Earlier this month, the National Transportation Safety Board (NTSB) released preliminary statistics about transportation-related deaths in the United States during 2013. Overall, the news was better than the prior year. Transportation-related fatalities decreased by about three percent and fewer marine, aviation, highway and pipeline related transportation deaths occurred.
The Same Was Not True for Railroad-Related Deaths
The railroad transportation sector experienced an increase in fatalities from 2012 to 2013. According to the NTSB:
- 34,678 people died in transportation accidents throughout the United States in 2013. This is 1,118 fewer people than the 35,796 people who died in 2012 transportation accidents.
- Railroad deaths increased by 6 percent from 2012 to 2013.

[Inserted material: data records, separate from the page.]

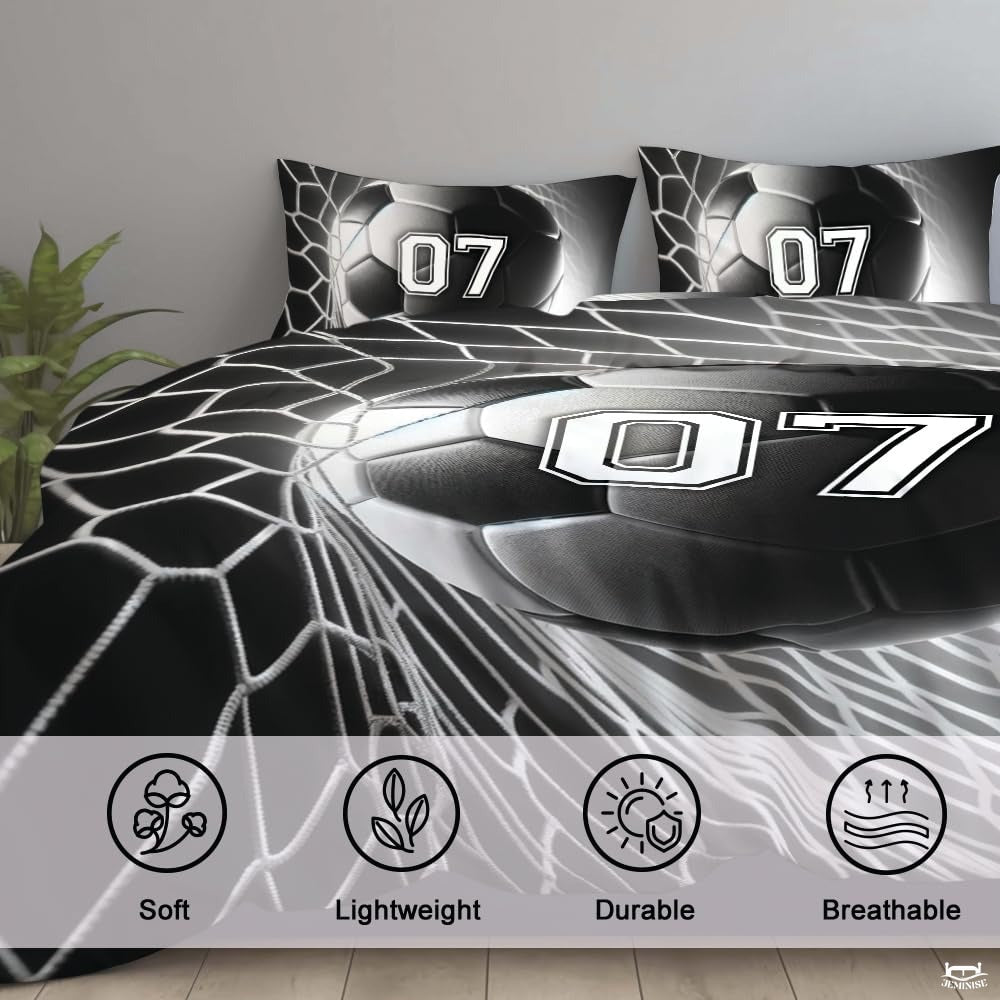 Custom Soccer Net with Number 07 Comforter Set, Machine Washable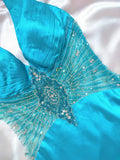 Vintage Mermaid Halter Blue Satin Sleeveless Long Prom Dresses High School Senior Graduation Dance Evening Outfits HZ0311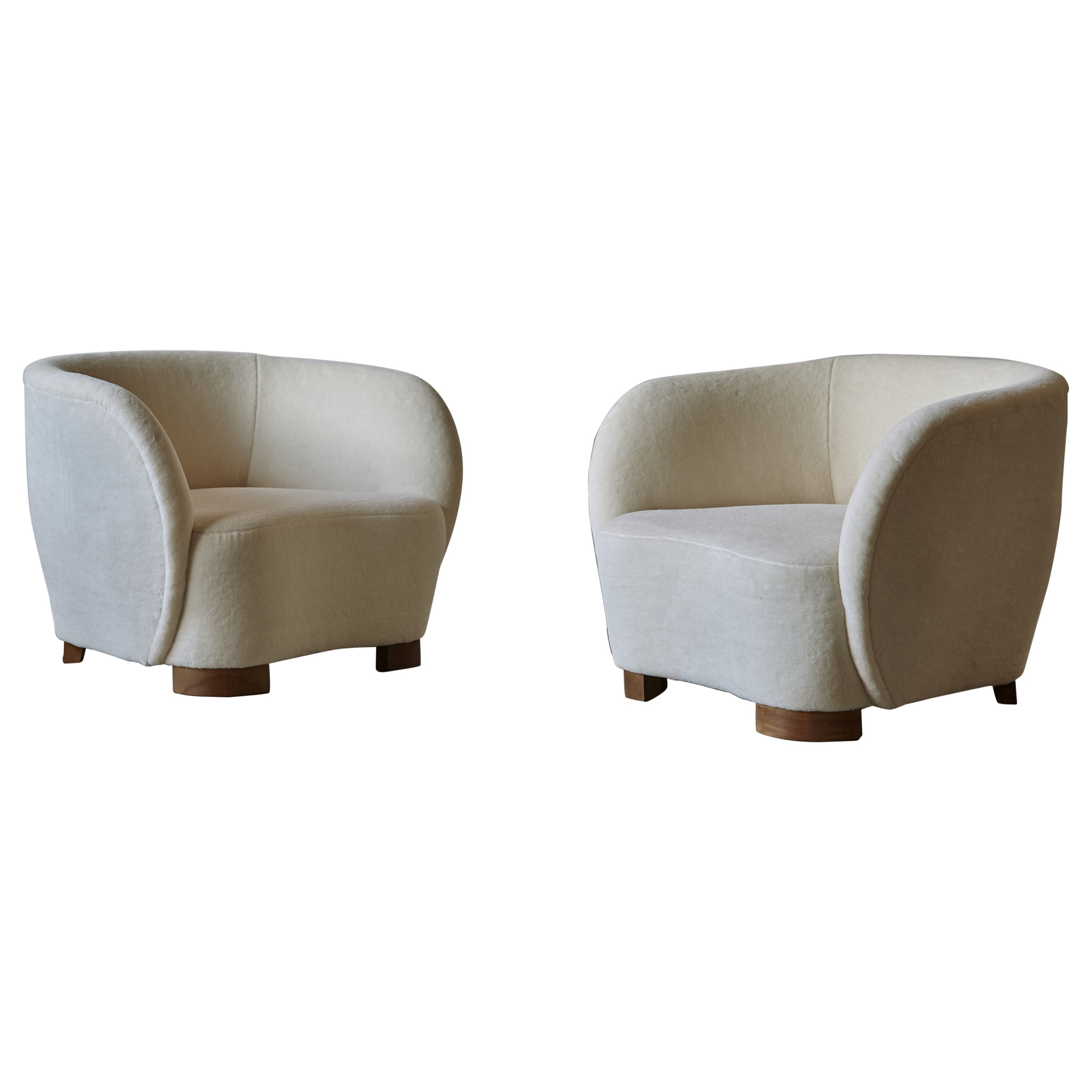 Armchairs in the Style of Flemming Lassen / Viggo Boesen, Pure Alpaca Fabric
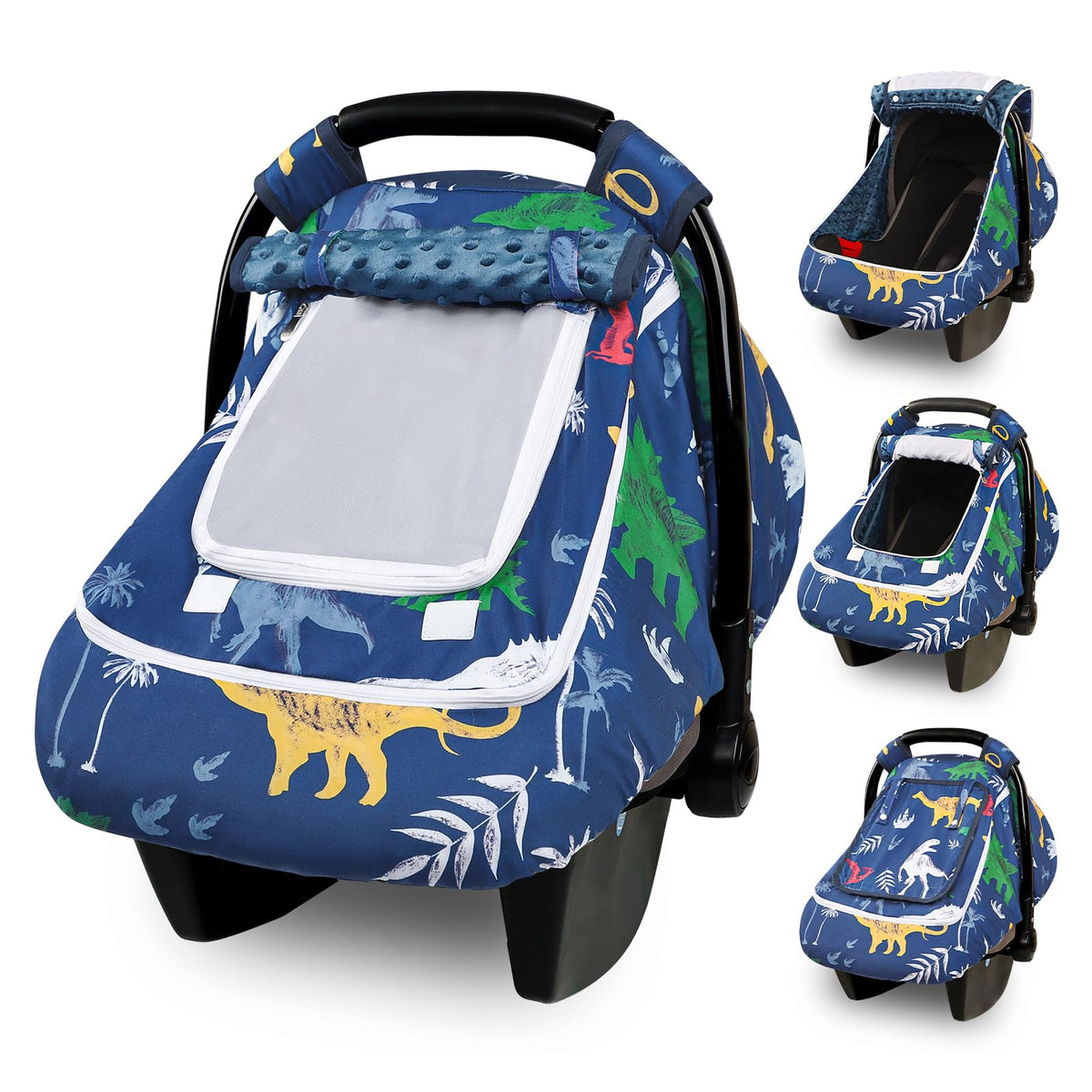 Hooyax Dinosaur car seat cover demonstrates full-coverage mode for sun and privacy.
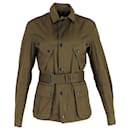 Burberry Prorsum Belted Field Jacket in Green Polyester
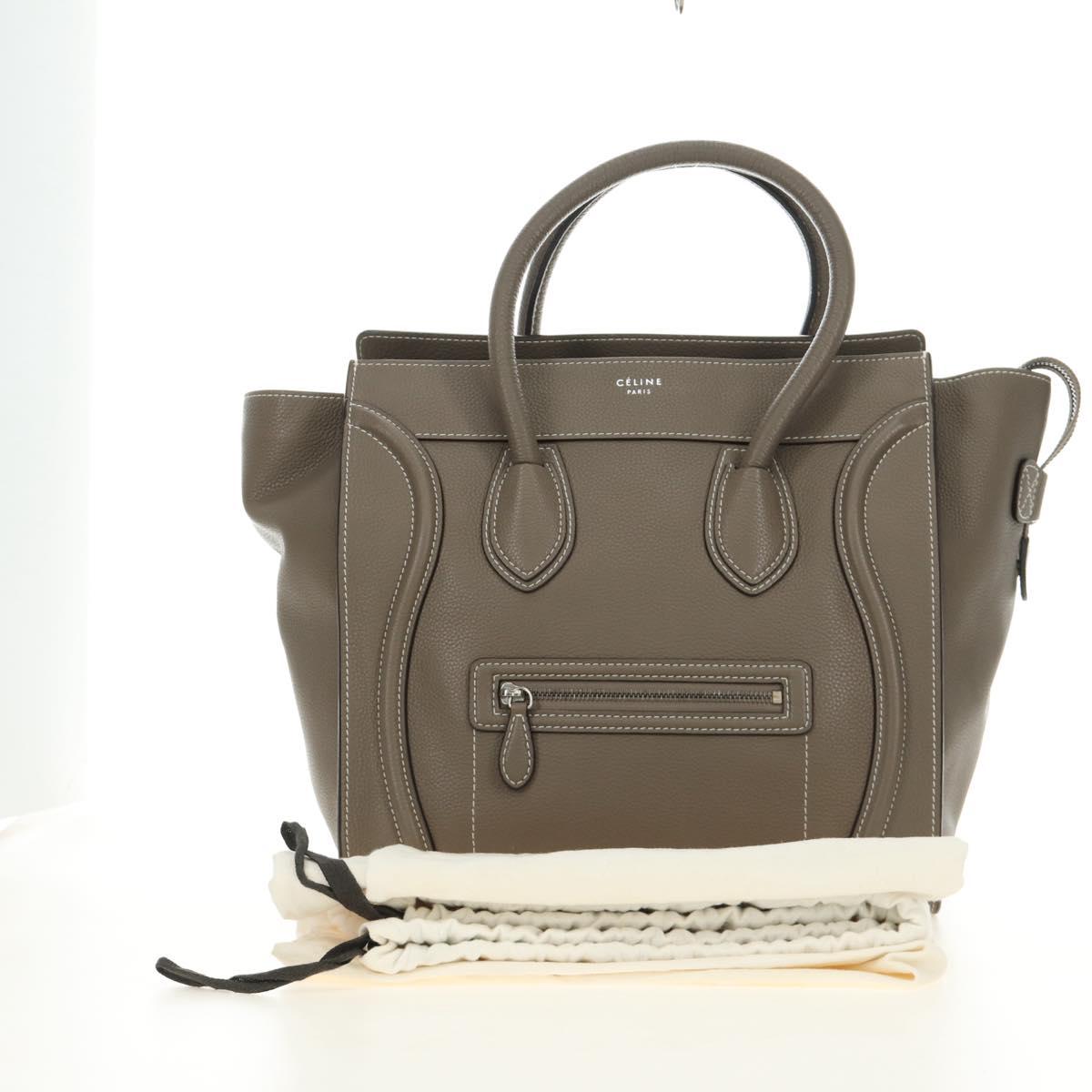 CELINE Luggage Mini Shopper Hand Bag Leather Gray Silver Auth yk20501SAM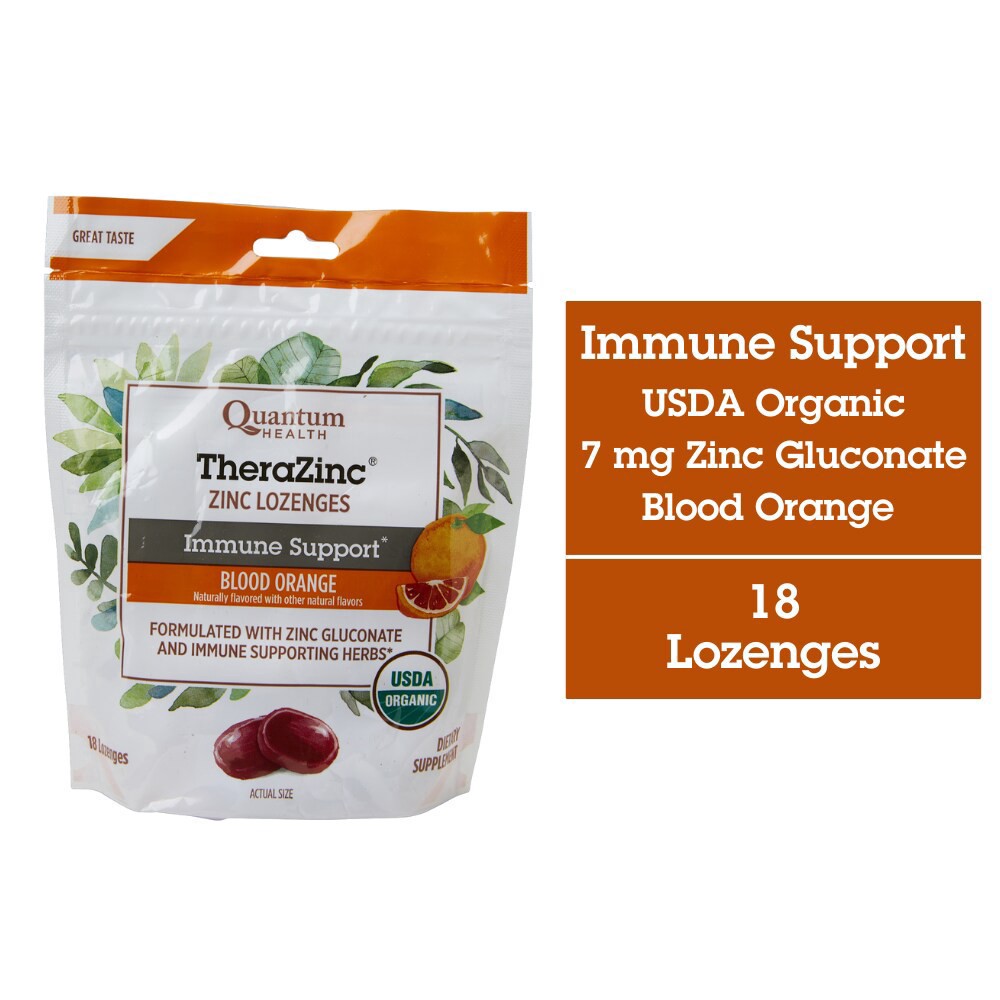 slide 4 of 5, Quantum Health Therazinc, Lozenges, Blood Orange Flavor, 18 ct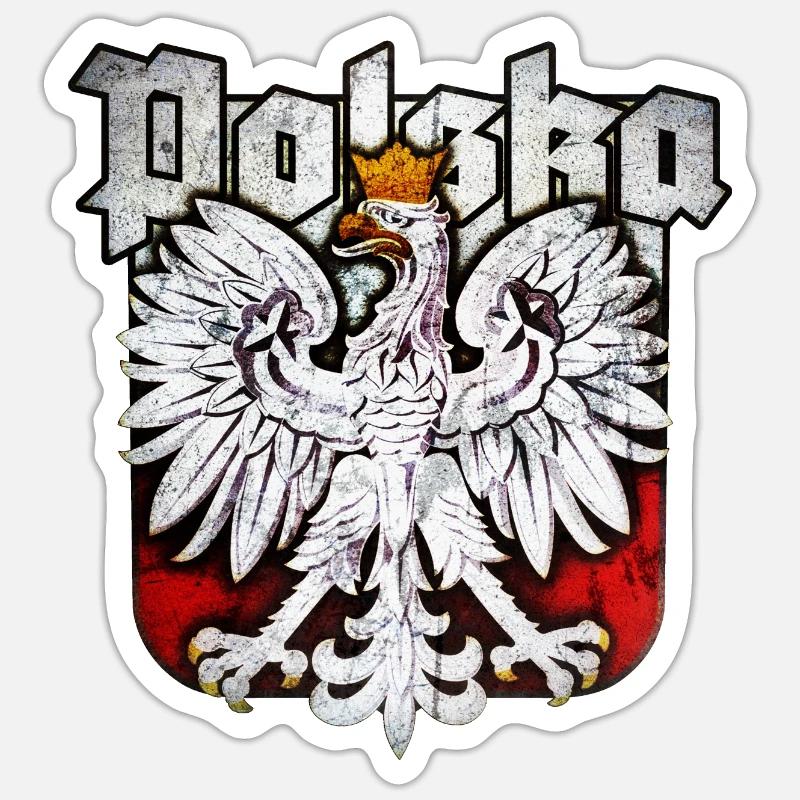 Poland - Polska - Eagle - Silver Edition - Sticker size S (10 x 10 cm) - white matte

- The number of railroad deaths increased from 840 in 2012 to 891 in 2013.
- While trespassers accounted for many of the railroad deaths, passengers, railroad workers and contractors also lost their lives in railroad accidents during 2013.
- Some of these deaths occurred on commuter trains, freight trains, or other types of trains in New York and New Jersey.
The preliminary statistics did not indicate why there was a significant increase in railroad-related deaths. Yet the numbers let us know that this form of transportation is bucking the national trend and deserves attention so that fewer lives can be lost when the government reports on railroad related fatalities for 2015 and beyond.